Error Handling & Retry Logic for Distributed CouchDB Replication

Distributed synchronization across edge nodes, mobile clients, and intermittent cellular backhauls demands deterministic failure recovery: a job that dies during a network partition must resume without operator intervention, and one that fails permanently must surface loudly rather than retry forever. CouchDB’s scheduling replicator gives you baseline fault tolerance, but production pipelines need explicit failure classification, bounded backoff, circuit breaking, and dead-letter routing layered on top. This page is the recovery layer of _replicator Configuration & Sync Pipeline Management: it shows how to tune retry-related fields on the replication document, subscribe to job-state transitions, implement a production retry orchestrator in Python, and choose a backoff strategy that neither drifts silently nor triggers a retry storm. Conflicts that surface after a job recovers are a related concern handled by algorithm selection for merge; here we focus on keeping the replication job itself alive and honest.

Configuration Schema & Required Parameters

Resilient recovery starts on the _replicator document itself, where two real fields bound how hard a worker retries before it gives up on a request. There is no document-level retry or retry_interval field; job-level backoff between crashes is automatic and handled by the scheduler. Deploy the job with the standard _replicator document schema; a hardened continuous edge-to-cloud configuration looks like this:

{
  "_id": "rep_edge_to_cloud_001",
  "source": "https://edge-node-01.local:5984/sensor_telemetry",
  "target": "https://cloud-cluster.example.com:5984/telemetry_aggregate",
  "continuous": true,
  "create_target": false,
  "connection_timeout": 15000,
  "http_connections": 10,
  "retries_per_request": 5,
  "user_ctx": {
    "name": "sync_service",
    "roles": ["_admin", "sync_admin"]
  },
  "owner": "sync-pipeline-v2"
}

The three fields that govern retry pressure are retries_per_request, connection_timeout, and http_connections; the scheduler supplies the between-crash backoff for free. The table below fixes their types, defaults, and their concrete effect on failure recovery.

Parameter	Type	Default	Effect on failure recovery
`_id`	string	— (required)	Stable job identity; a deterministic id makes redeploys idempotent so a restart resumes the same job rather than spawning a duplicate.
`source` / `target`	string or object	— (required)	Database URLs (or objects carrying `url`, `headers`, `auth`). Both must be reachable from the replicator node or every request fails fast.
`continuous`	boolean	`false`	When `true`, the job holds an open `_changes` listener and is rescheduled after a crash; one-shot jobs (`false`) transition straight to `completed` or `failed`.
`retries_per_request`	integer	`5`	Caps HTTP-request retries before the worker abandons a single request, preventing a tight loop against a persistently failing target.
`connection_timeout`	integer (ms)	`30000`	Socket deadline per request; lower it for cellular/satellite uplinks so a dead peer is detected quickly instead of blocking a worker.
`http_connections`	integer	`20`	Size of the connection pool to the remote; too high amplifies a retry storm against a recovering endpoint.
`create_target`	boolean	`false`	Leave `false` in production so a source typo cannot silently create a stray target and mask the real failure.
`user_ctx`	object	none	Roles the job runs under; writing checkpoints and dead-letter documents needs `_admin` or an equivalent database role.

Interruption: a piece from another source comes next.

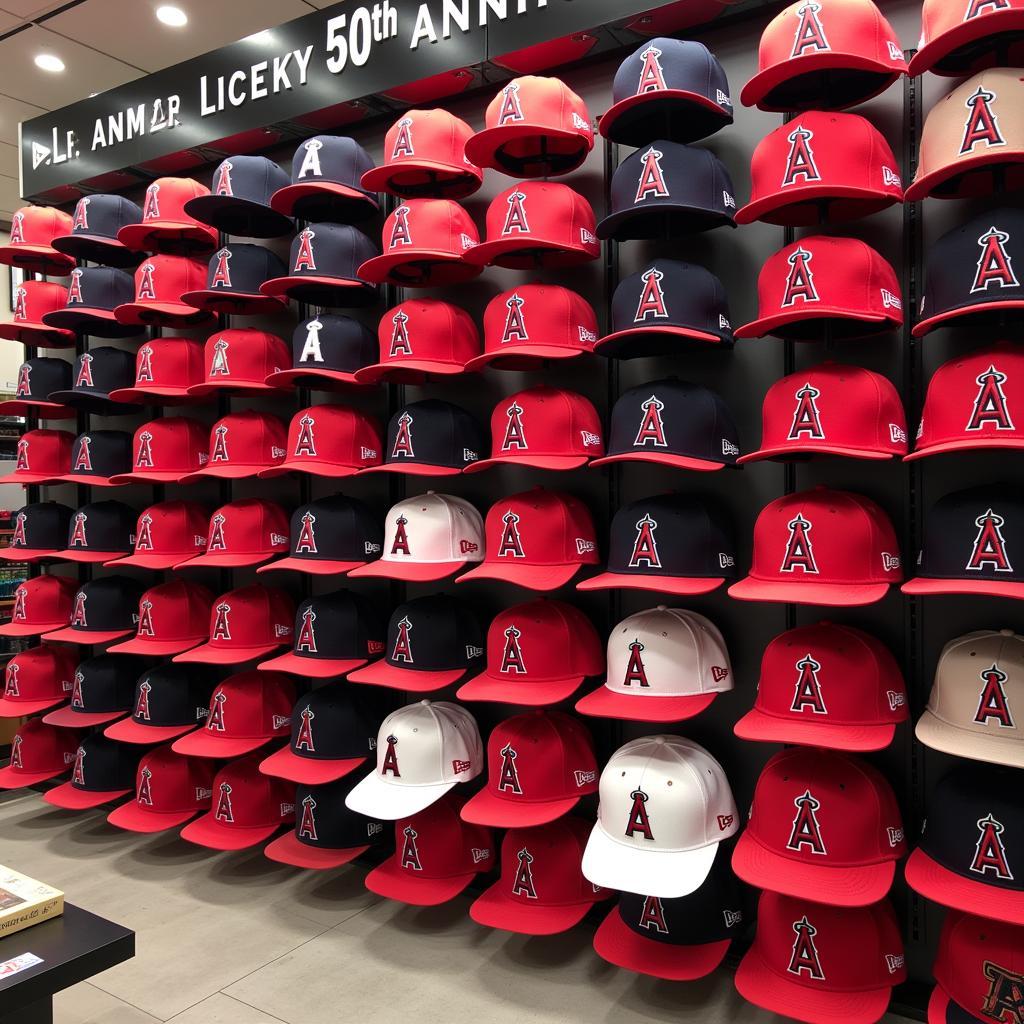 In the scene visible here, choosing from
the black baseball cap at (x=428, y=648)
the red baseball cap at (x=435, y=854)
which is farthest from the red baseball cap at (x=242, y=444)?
the red baseball cap at (x=435, y=854)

After deploying, confirm the job is actually scheduled and not stuck in crashing with GET /_scheduler/jobs or GET /_scheduler/docs. For authoritative field semantics, consult the Apache CouchDB replicator documentation. Whether the job runs continuously or as a scheduled sweep is a separate decision covered in continuous vs one-way sync; the orchestrator below is agnostic to that choice.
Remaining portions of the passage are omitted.